Se doveva arrivare una sorpresa nell’uovo di Pasqua, non poteva essere che una “ritoccatina” alle tasse. Naturalmente al rialzo, non al ribasso. Di fatto, l’unica crescita esistente oggi in Italia è quella delle tasse. In estrema sintesi, per finanziare i costi della riforma del lavoro, elaborata con grande difficoltà dal governo tra polemiche abbastanza accese, occorrono 1,7 miliardi nel 2013 e 3 miliardi nel 2014. I “tecnici”, con cura certosina, vanno a pescare questi soldi, principalmente, sulla locazione delle case e sulle autovetture delle imprese. La sostanza dei complicati calcoli porta la pressione fiscale al record storico del 45% del Pil. Non ci sono neppure più commenti da fare. Si può solo prendere atto di una tendenza inarrestabile: per far quadrare i bilanci ci si avvale di ogni tipo di reddito dei cittadini. Non può che sottolineare questa tendenza anche Ugo Arrigo, docente di Scienza delle Finanze all’Università Bicocca di Milano.



Si può continuare in questo modo? Esiste un punto di rottura in una situazione del genere?

Fare previsioni in una situazione come questa è azzardato. È evidente che l’unica strada che sta imboccando questo “governo dei tecnici” sia quella di aumentare le tasse. Fino a quando questo sia possibile non lo saprei dire. In tutti i casi, di fronte a queste manovre, di crescita non si può proprio parlare. Naturalmente stupisce che non si parli mai di toccare la spesa pubblica. Si potrebbe almeno fare una sorta di equazione riducendo la spesa pubblica in modo da diminuire un poco le tasse. Invece, nonostante riforme annunciate, di ridurre la spesa pubblica non se ne parla assolutamente.



Tutto questo avviene mentre in queste ultime due settimane il famoso spread è risalito e la Borsa sta di nuovo scendendo. Quindi anche tutte le rassicurazioni sui mercati vanno prese con le pinze.

È così. E poi occorre aggiungere l’aumento dei prezzi, l’aumento per le spese indispensabili delle persone normali. Nelle pieghe di queste manovre ci sono fatti che sembrano incredibili. Basti pensare che un pensionato che lascia il suo appartamento per andare a vivere in una “casa di riposo”, paga l’Imu, mentre le Fondazioni bancarie sono esentate dal pagare la tassa in quanto sono enti non-profit. Come si può riuscire a commentare un simile fatto?
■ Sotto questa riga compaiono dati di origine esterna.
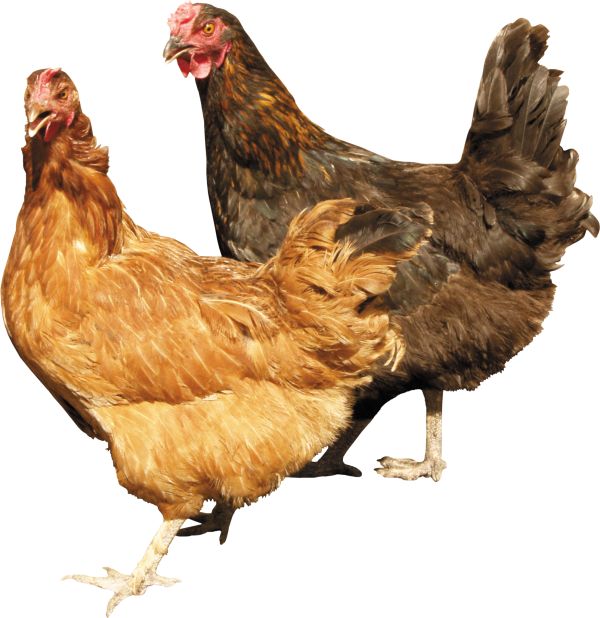 Two Chicken Png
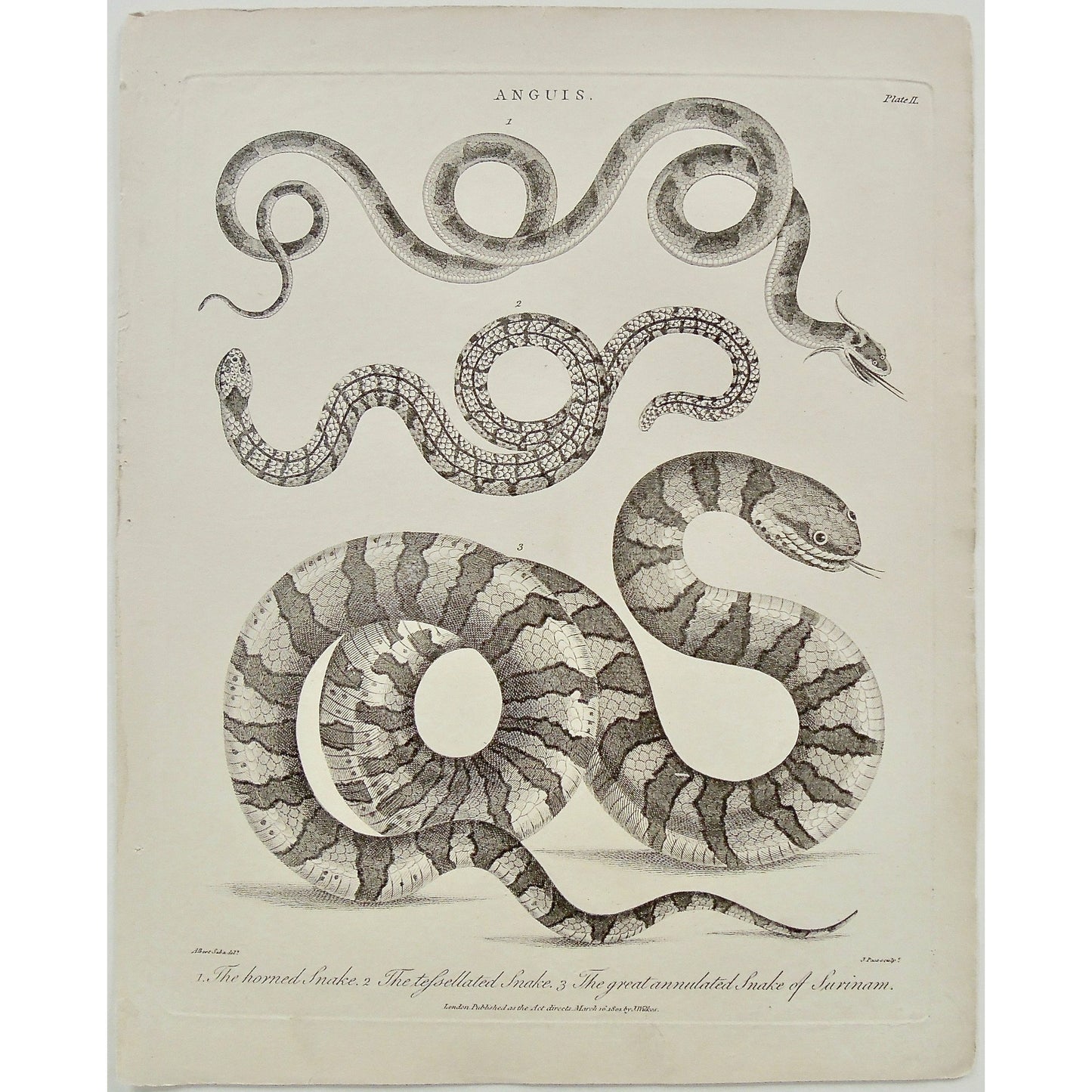 Anguis, Horned Snake, Snake, Snakes, Serpent, Serpents, Tessellated Snake, Tessellated, Great Annulated Snake of Surinam, Annulated, Surinam, Reptiles, Antique Prints, Antique, Print, Vintage, Art, Decor, Wall art, Wall decor, Pass, Adlard, Seba, Wilkes, Encyclopedia, 1801, London,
Sono cose da non credere e ci vuole pure “fantasia” a immaginarle.



In compenso gli italiani stanno diventando virtuosissimi e addirittura inseguono un pareggio di bilancio che sembra irrealizzabile.
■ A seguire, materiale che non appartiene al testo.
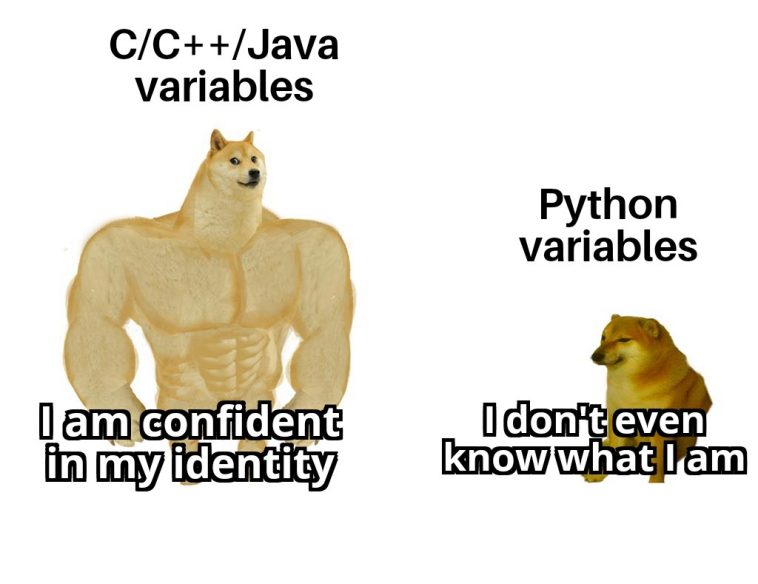 Type stronk | java-memes, python-memes, variables-memes, c++-memes | ProgrammerHumor.io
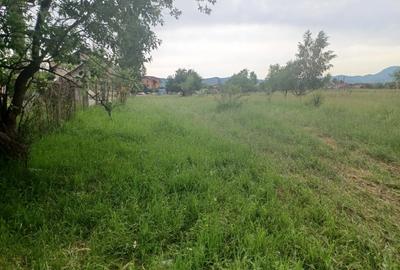 Teren Construcții intravilan de 10500 mp, în Exterior Nord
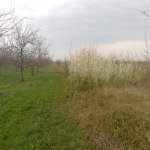 Satılır Torpaq Quba 13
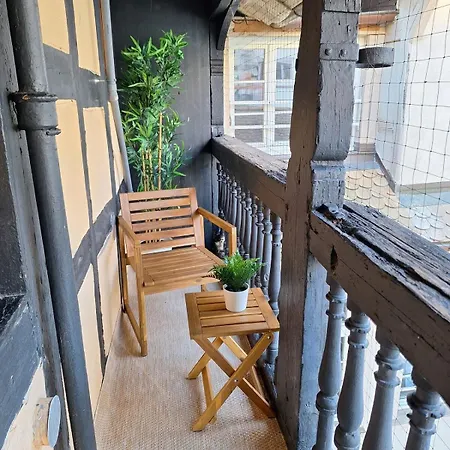 Cigogne Doree - Centre Historique Apartment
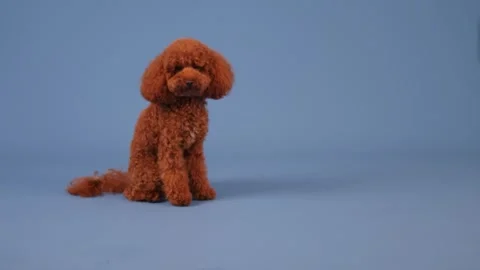 An absolutely adorable poodle is sitting gracefully against a beautiful blue Stock Footage 305544323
La sensazione è che qualcuno abbia voglia di suicidarsi economicamente. Come si fa a raggiungere un obiettivo irrealizzabile? E lo sanno tutti che è irrealizzabile. Meglio fare come hanno detto gli spagnoli: noi possiamo arrivare sino a qui e basta. Guardi che la stessa nostra spesa pubblica, in valori assoluti, è aumentata di pochissimo in un anno. Certo, bisogna partire dalla considerazione di fondo che la spesa pubblica italiana assorbe quasi il 50% del Pil, mentre le entrate coprono poco più del 46%. C’è un disavanzo del 3,8%. Per quale ragione andare a impegnarsi a scendere di altri tre scalini in una situazione come questa?

 

La stessa politica di riforme che è stata annunciata sembra bloccata. Fatta la manovra sulle pensioni, si è andati avanti con le cosiddette liberalizzazioni, addirittura “annacquandole” un poco dopo l’annuncio. La riforma del lavoro non pare convincere. Che tipo di politica hanno in mente di fronte ai problemi del Paese?

 

L’impressione è che stiano mettendo tutti i problemi in freezer. A questo punto diventa difficile immaginare chi poi li toglierà questi problemi dal freezer. Vedo i partiti che hanno perso completamente la bussola. Non è un fatto di adesso, è da anni che in Italia la bussola dei partiti era rappresentata dalla spesa pubblica discrezionale e quindi, di fronte a questa crisi, l’hanno persa del tutto. Ma, ripeto, tutti i problemi chi li toglierà da questo freezer? Ritorneranno i partiti completamente rinsaviti? Oppure sarà un altro governo tecnico a doverli affrontare?

 

Mario Monti ha detto che il “montismo” non esiste e che lui si farà da parte.

 

Ci sono stati altri due “governi tecnici” in Italia negli anni Novanta, quello di Lamberto Dini e quello di Carlo Azeglio Ciampi. Posso dire che sulla durata di quei governi nessuno aveva dubbi, si sapeva che erano a scadenza, a tempo. Vedo che su questo “governo dei tecnici” non c’è la stessa sicurezza, non si sa quanto tempo possa durare.

 

A parte la durata di questo governo, per uscire da una situazione di empasse come questa, ci sono alcuni passi da fare?

 

A parte i problemi da affrontare, c’è anche la necessità di rinegoziare i parametri a livello europeo. In questo modo è difficile pensare che la situazione possa continuare a lungo termine.